A recent visit to the remote Mago sector of Tawang district showed me that India should remain cautious.
This area has only recently been linked by a proper tar road to the rest of the district, which saw the brunt of the first military operations with China in October and November 1962.
The villages of Thingbu and Mago are now easily reachable by road and are integrating fast into the country’s mainstream partly due to the Vibrant Village Program of the Central Government. The close collaboration between the Indian Army and the Central and State governments has also greatly helped.
The Tulung-la Pass
Driving further north on a track, one reaches the McMahon Line marking the border between India and Tibet (Arunachal Pradesh Chief Minister, Pema Khandu rightly insists that his State has a border with Tibet only, not China).
The Tulung-la, the pass between the Tsona Dzong (County) in Tibet and Tawang district is located close to the Gorichen peak, on a watershed between the Tsona Chu (river) in Tibet and the Tawang Chu; the ridge clearly demarcates the border between the two countries.
During the 1914 Simla Convention conference, the British Indian Foreign Secretary Henry McMahon and the Tibetan Prime Minister Lonchen Shatra negotiated a mutual agreeable boundary, mainly based on the watershed principle. McMahon explained: “the boundary line ...follows the crest of the mountain range which runs from peak 21431 through Tulung-la ...To the north of it are people of Tibetan descent, to the south the inhabitants are of Bhutanese and Aka extraction. It is unquestionably the correct boundary.”
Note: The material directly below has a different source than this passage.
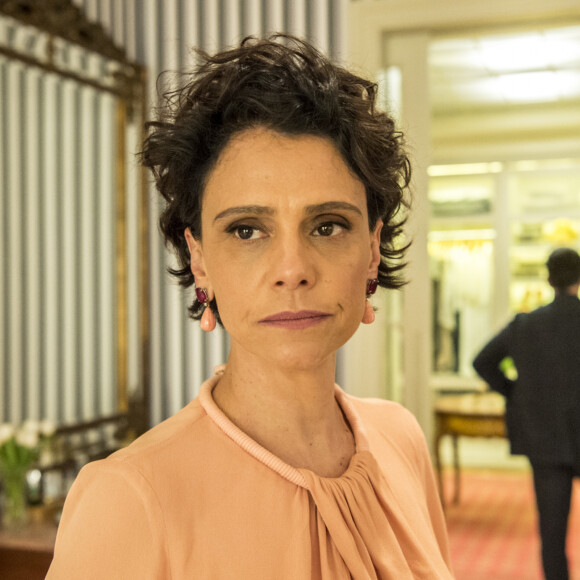 Lídia (Malu Galli) não aceita a separação e vai atrás de Érica (Nanda Costa) na novela 'Amor de Mãe'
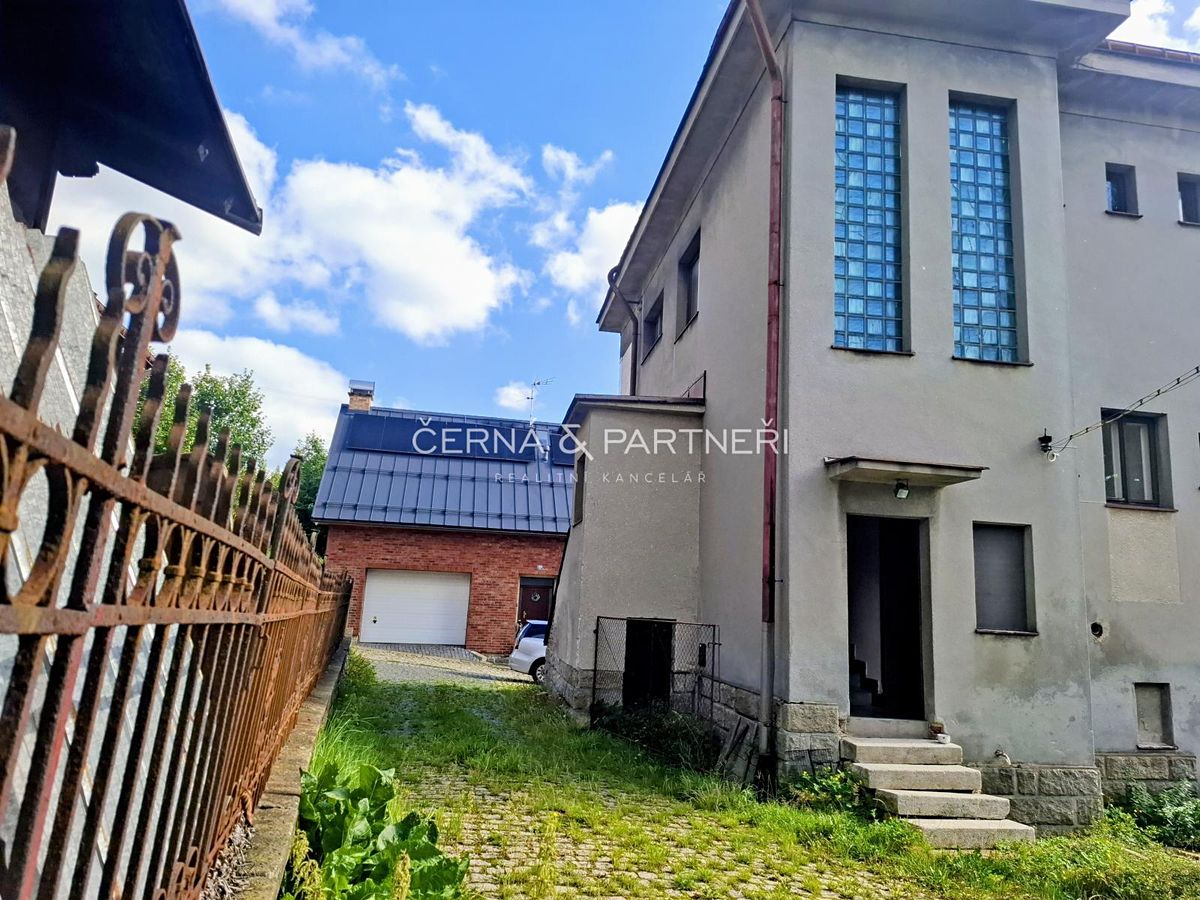 Prodej vícegeneračního domu 189 m², pozemek 817 m² – fotografie 2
In fact, before 1975, the boundary was never disputed, though it was one of the routes used by the Chinese Army to bring reinforcements to Bomdila during the second phase of the Sino-Indian War (November 18-20, 1962).
The 1975 Incident
In 1975, a serious and uncalled-for incident took place forcing the official spokesman of the Ministry of External Affairs to make a statement: “On the October 20, 1975, an Indian patrol party consisting of one NCO and four men, while on a routine patrol along India’s northern border, were ambushed by a Chinese party of about 40 persons. The ambush was well within Indian territory and in an area which has been regularly patrolled by us for many years and where no previous incident had taken place. Following this incident, four men were missing and it was subsequently learnt through diplomatic channels that they had been killed. Their bodies have since been returned.”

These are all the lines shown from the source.